BLOOMINGTON – The president of the Illinois Fertilizer and Chemical Association senses optimism on the ag retail side of things.
“I think their pre-pay seasons for the 2020 crop year were good,” said Jean Payne. “We had a pretty decent fall fertilizer season for both dry fertilizer and ammonia.”
Payne believes the industry is in a good position from a supply standpoint. We have not seen much of an impact yet on the China situation curtailing imports of generic chemicals that are used in blending here in the U.S.
“The nice thing about the ag industry is we are always ready for spring six months before spring with inventories of inputs for the farmer.”
Once growers get through the initial spring rush, the re-supply period is critical, which includes side dress and post emergence crop protection products.
“I think everybody is cautiously optimistic about the 2020 year,” said Payne.

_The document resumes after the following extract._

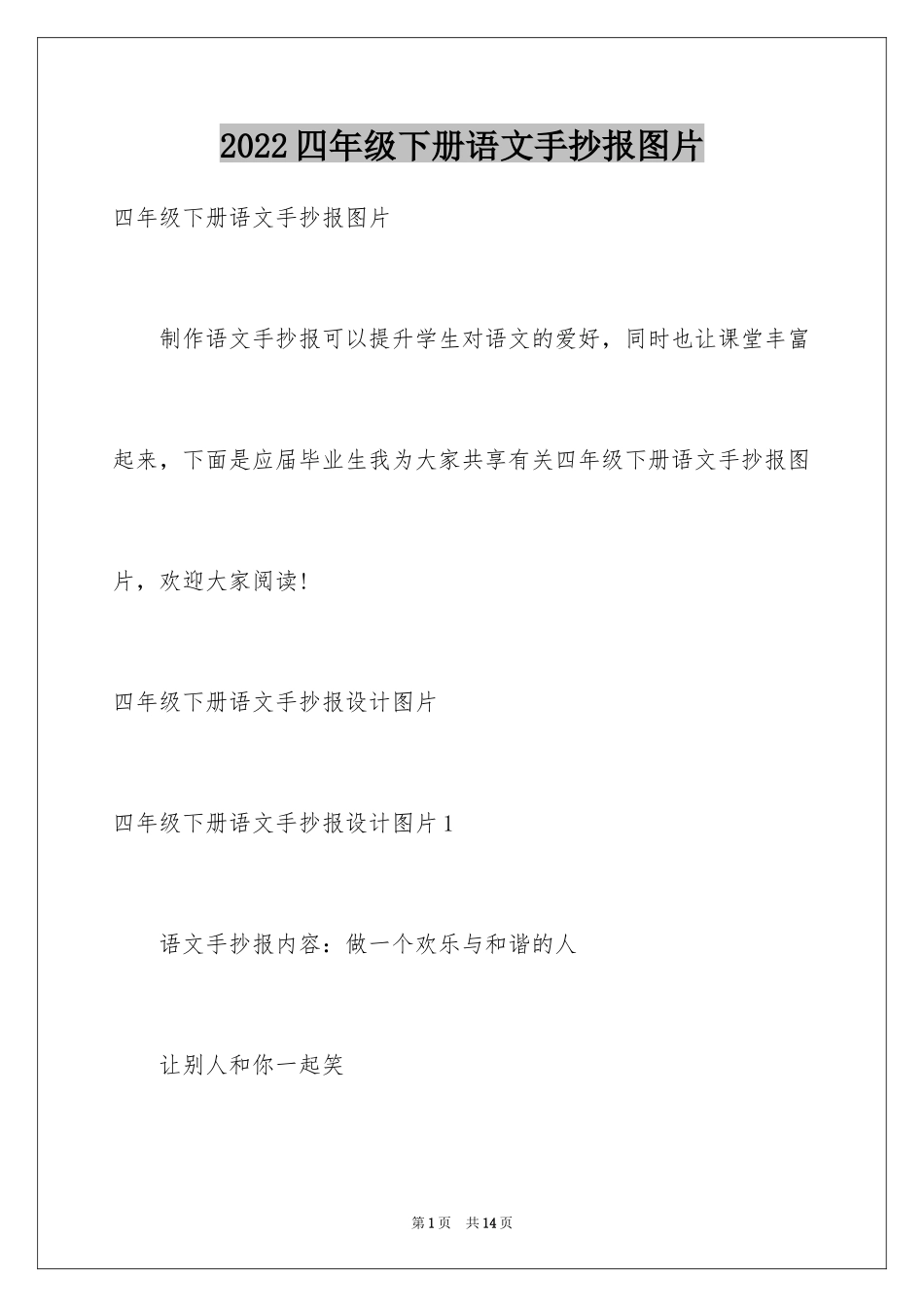 2024四年级下册语文手抄报图片_第1页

Payne anticipates increased interest in the use of new Enlist technology which allows for 2,4-D to be sprayed over the top of traited soybeans. Other technologies out there include Xtend, Liberty and non-GMO. This means there could be nine million acres of soybeans that don’t all “play nice together.”
“Whether you are a farmer or commercial applicator, continued attention to identifying the fields that are around whatever technology you are spraying is going to be so important,” Payne added.
The U.S. E.P.A. is expected to decide in August or September if dicamba use will be allowed on soybeans going forward in 2021. The future of the ag chemical technology is uncertain if we still have issues with it this season. Since there is so much at stake, Payne recommends taking the extra time and doing all you can to protect and co-exist with your neighbors.
“We really need to steward these weed technologies if we want to keep them in the tool box,” explained Payne.